Sunday, January 16, 2011

The Seattle Times Blows

[from 3/10/10]

The Seattle Times editorial board had this to say recently: "The General Assistance-Unemployable program has to go. This program, which provides a temporary safety net for people not working because of physical and mental disabilities, has been on just about every list of proposed cuts year after year."

Sort of like saying, "Charles Manson has asked to be released from prison every year since your mother wore hot pants. So by golly, it's about time we paroled him." Or, "Osama Bin Laden has been wanting to blow up a major US city for years. Let's give him Detroit. Hell, those people aren't working, let's blow it up for him."

That sort of reasoning impresses me. You can make a whole lot of things right, if all they have to be is mad-dog insistent. Why yes, I see it now, smoking crack has to be a good idea, there's someone smoking it in every doorway downtown every night. Why yes, if we're at war, year after year, then we should be.

"Who do these physically and mental disabled people think they are, going around being unemployed like that? OK, they're 'disabled', whatever that means (we're a newspaper, not some Poindexter-walking-dictionary), but that doesn't mean they can't be pimped!"

The Seattle Times editorial department seems to believe that if you withhold funds from GA-U, poverty will cost us all less. After all, if you don't give the poor people money, they'll either get by or die, right? And that'll be free for the rest of us! It's a win-win situation!

The Times is run by such adorable, cute, knuckle-dragging, social Darwinians. Aren't they the cutest social Darwinians you ever did see? Yes they are!

It's not that the Times doesn't understand the benefits of free money. They were happy to get their 40% discount in B&O taxes last year, along with this state's other newspapers. That was OK because at least they are working (only just -- it would help if they fired up a collective neuron once in a while) and the tax break was just a tax break and not income. Sill, it was a gift, justified at the time because newspapers were hurting, and granted in spite of a state budget shortfall. It was an investment, after all. An investment in newspapers, something we care about!

Maybe we have here a continuation of the "corporations are people, too, and they're bigger so they're more so than ordinary people" theory. When corporations hurt, they hurt more than anyone else.

I would be inclined to go along with the Times view if these disabled people on welfare were making off like Madoff, but what we're talking about is a benefit that has been frozen since the early 90s at $339 per month max, although that is now not enough money to pay commercial rent, even assuming that the recipient doesn't spend any of it on anything else.

By the way, the thinking behind giving so little money, apparently (I'm making this up as I write it because obviously legislators arranged it, and so there can't really have been any thinking involved), is that 1) disabled people take up less space than non-disabled people, on average, so they can double and triple up in apartments and 2) they get food stamps don't they? What's that? -- The food stamps only pay for enough to buy food for two weeks of each month? Well then 3) they can go to food banks can't they?

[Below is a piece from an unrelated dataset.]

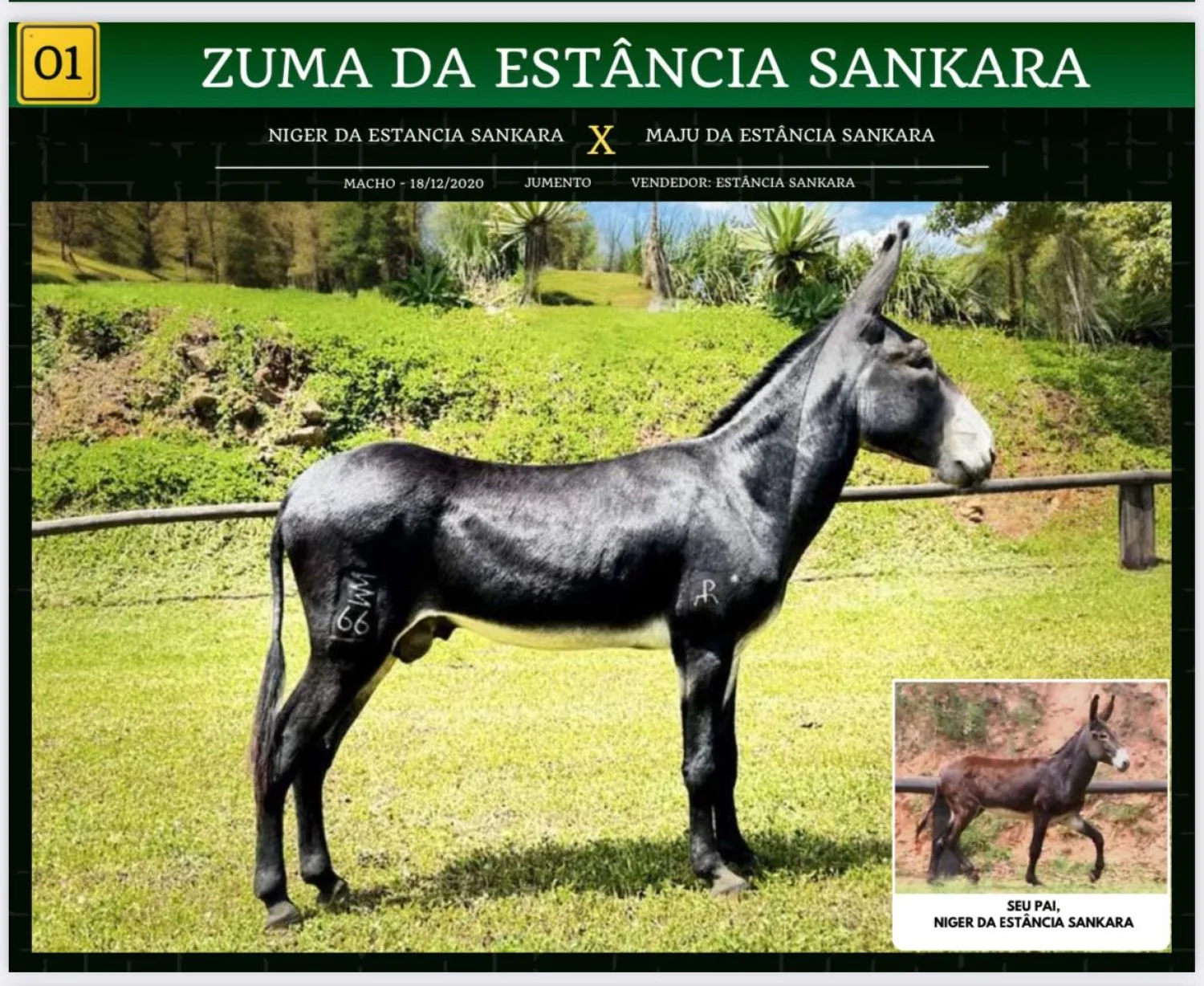 ZUMA DA ESTÂNCIA SANKARA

What's that? -- Without places to live they can't cook anything and have to carry food bank food everywhere? -- so, fine, they'll lose weight, more of them will be able to pack in a room, savings all around. We've also heard that rice soaked in jars of vinegar for a month becomes chewable.

Summarizing: The Seattle Times, not satisfied with the fact that GA-U is inadequate, wants it gone altogether, and the poor magically gone with it. Well, I'd like the Times gone. So?